With explicit permission from Google, we collect Street View data from Google Maps across 10 diverse cities scattered across the globe: Paris, Athens, Anchorage, Hyderabad, Philadelphia, San Francisco, San Juan, Honolulu, London, and Sao Paolo. Across the 10 cities, we collected a total of 5.5M panoramas. Importantly, all sensitive information, such as license plates and faces, are blurred prior to collection.
We group all data based on their physical location and time of capture.
We create a training pair if we find a continuous path in a city where there exists 2 sets of captures located along the same path (within a distance threshold), but captured at different times (e.g, different dates, or even morning vs. afternoon of the same day).

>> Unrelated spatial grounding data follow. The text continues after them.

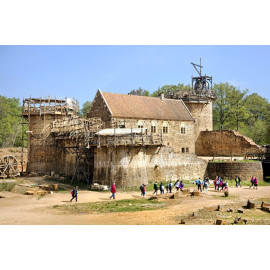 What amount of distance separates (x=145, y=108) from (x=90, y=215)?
70.6 feet

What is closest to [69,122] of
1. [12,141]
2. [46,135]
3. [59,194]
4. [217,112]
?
[46,135]

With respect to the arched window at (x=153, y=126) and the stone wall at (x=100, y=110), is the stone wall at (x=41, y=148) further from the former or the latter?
the arched window at (x=153, y=126)

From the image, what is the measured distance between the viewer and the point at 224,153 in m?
43.2

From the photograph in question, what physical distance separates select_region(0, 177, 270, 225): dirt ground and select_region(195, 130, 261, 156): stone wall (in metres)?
13.5

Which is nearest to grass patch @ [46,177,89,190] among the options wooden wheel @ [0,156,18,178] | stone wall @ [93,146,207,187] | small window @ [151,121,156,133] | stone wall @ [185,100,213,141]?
stone wall @ [93,146,207,187]

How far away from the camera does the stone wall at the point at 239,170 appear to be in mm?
34281

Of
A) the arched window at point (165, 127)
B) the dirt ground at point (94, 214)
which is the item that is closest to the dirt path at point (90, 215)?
the dirt ground at point (94, 214)

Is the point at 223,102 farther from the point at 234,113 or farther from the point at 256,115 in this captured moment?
the point at 256,115

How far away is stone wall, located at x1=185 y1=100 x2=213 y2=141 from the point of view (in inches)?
1781

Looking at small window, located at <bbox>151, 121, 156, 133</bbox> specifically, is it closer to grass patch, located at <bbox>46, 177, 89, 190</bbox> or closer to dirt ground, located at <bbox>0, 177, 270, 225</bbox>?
grass patch, located at <bbox>46, 177, 89, 190</bbox>

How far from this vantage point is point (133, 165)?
28.5 meters

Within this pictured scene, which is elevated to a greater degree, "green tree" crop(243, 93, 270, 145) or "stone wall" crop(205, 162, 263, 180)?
"green tree" crop(243, 93, 270, 145)

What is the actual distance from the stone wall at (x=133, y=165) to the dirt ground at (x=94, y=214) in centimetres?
196

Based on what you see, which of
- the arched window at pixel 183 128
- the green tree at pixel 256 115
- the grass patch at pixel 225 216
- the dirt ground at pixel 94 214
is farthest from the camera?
the green tree at pixel 256 115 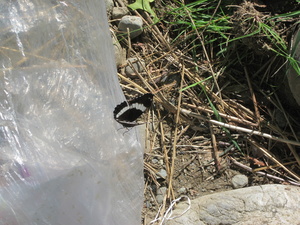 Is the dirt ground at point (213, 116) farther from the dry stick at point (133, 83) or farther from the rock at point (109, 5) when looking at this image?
the rock at point (109, 5)

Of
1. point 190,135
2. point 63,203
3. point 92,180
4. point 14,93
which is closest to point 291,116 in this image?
point 190,135

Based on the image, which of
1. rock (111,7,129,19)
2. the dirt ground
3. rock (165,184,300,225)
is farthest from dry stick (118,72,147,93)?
rock (165,184,300,225)

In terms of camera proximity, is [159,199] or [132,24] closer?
[159,199]

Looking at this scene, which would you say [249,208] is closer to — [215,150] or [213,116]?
[215,150]

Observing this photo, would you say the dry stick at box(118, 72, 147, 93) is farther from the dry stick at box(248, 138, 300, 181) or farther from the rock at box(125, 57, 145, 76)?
the dry stick at box(248, 138, 300, 181)

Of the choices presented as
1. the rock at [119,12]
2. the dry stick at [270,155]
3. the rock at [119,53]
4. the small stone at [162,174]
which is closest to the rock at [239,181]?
the dry stick at [270,155]

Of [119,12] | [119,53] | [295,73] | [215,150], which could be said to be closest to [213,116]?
[215,150]

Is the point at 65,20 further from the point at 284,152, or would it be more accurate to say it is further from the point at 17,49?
the point at 284,152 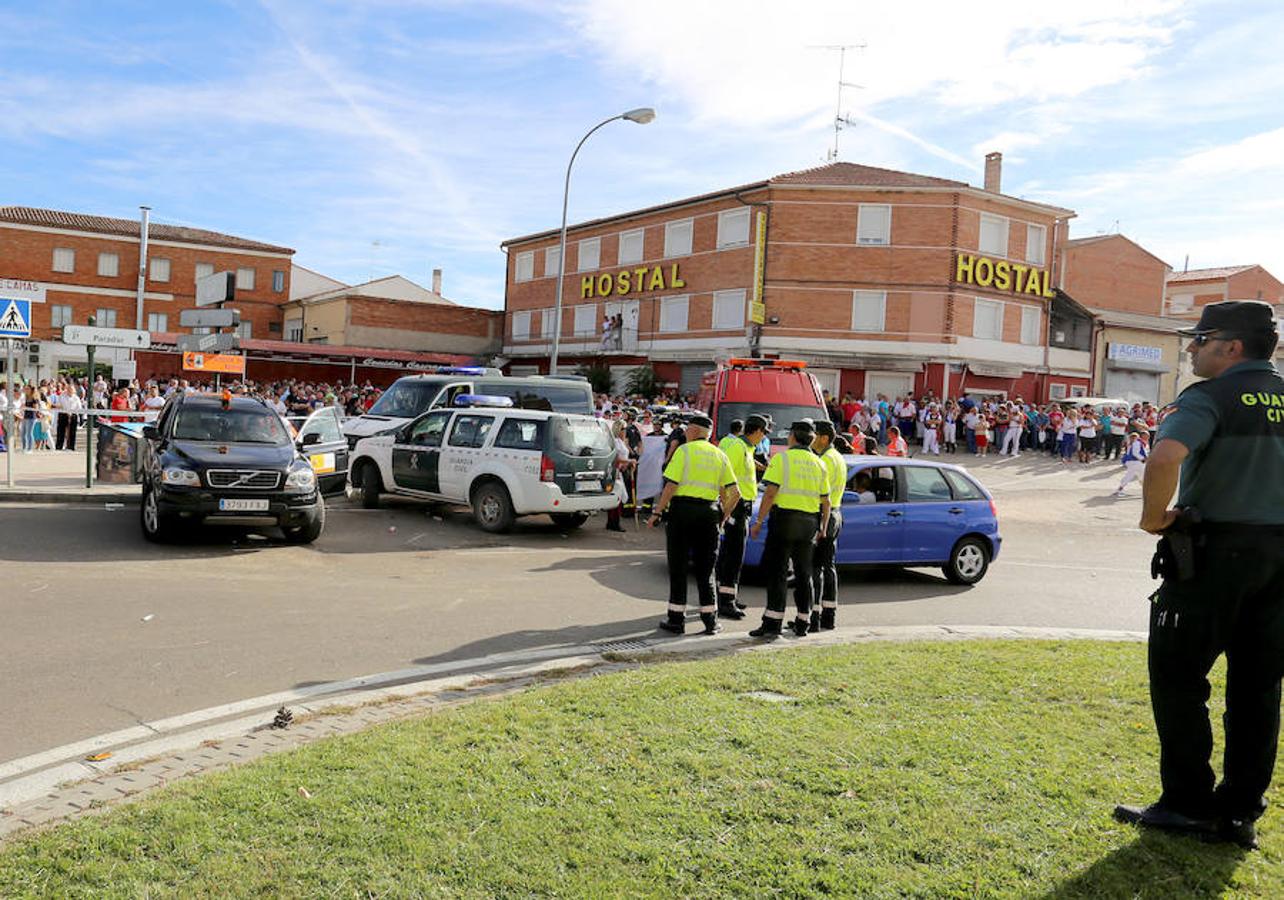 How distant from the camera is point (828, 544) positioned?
8789mm

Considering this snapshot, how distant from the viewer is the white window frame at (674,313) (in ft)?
136

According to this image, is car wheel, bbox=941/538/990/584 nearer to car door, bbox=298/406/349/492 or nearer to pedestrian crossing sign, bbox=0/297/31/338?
car door, bbox=298/406/349/492

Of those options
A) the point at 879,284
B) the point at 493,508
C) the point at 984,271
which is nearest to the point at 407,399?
the point at 493,508

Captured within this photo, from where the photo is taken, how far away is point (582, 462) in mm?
13672

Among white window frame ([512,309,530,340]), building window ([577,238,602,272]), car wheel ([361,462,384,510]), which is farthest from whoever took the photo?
white window frame ([512,309,530,340])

This strategy forces CityRAG to disentangle the similarities (buildings, roads) and differences (weather, dynamics, lighting) between the pairs, such that it can reconstruct those similarities while maintaining a consistent transient appearance.
See video for details.
The video for geospatial conditioning (left column), trajectory defined by the target video (right column), and the first image of the target video are provided as conditions. The objective is to reconstruct the static structures (e.g., buildings, roads) from the geospatial condition, follow the trajectory, and respect the weather conditions and dynamic objects in the first image condition.
To the best of our understanding, there are no open-source baselines that perform our task of generating a 3D-consistent, navigable environment while simultaneously adhering to an external spatial cache. We run baselines from each of the categories: 1) I2V + pose control (Gen3C); 2) V2V + pose control (Gen3C, TrajCrafter); 3) V2V + style transfer (AnyV2V). CityRAG can be considered a superset of these categories, while also possessing a strong understanding of scene content (static vs. transient) and layouts.
CityRAG allows users to navigate arbitrary trajectories that do not exist in the database by stitching multiple retrieved geospatial videos. In this video example below, CityRAG retrieves and combines two perpendicular paths from the same intersection to construct a new trajectory that resembles turning right. Despite the discontinuity in the geospatial condition frames, the generator produces a consistent video, indicating its robustness and its understanding of the static and transient elements in a scene.
By stitching geospatial videos, users can specify arbitary paths. Then, CityRAG generates consistent sequences via autoregressive generation (AR). Note: CityRAG was not trained on AR. Consecutive generations simply take the last frame of the previous generation as the first image. Geospatial conditions ground each independent generation to ensure consistency (of the static structures).
There can be noticeable artifacts between consecutive generations, as they are linked only by one image. Incorporating existing autoregressive methods could significantly improve stability and consistency.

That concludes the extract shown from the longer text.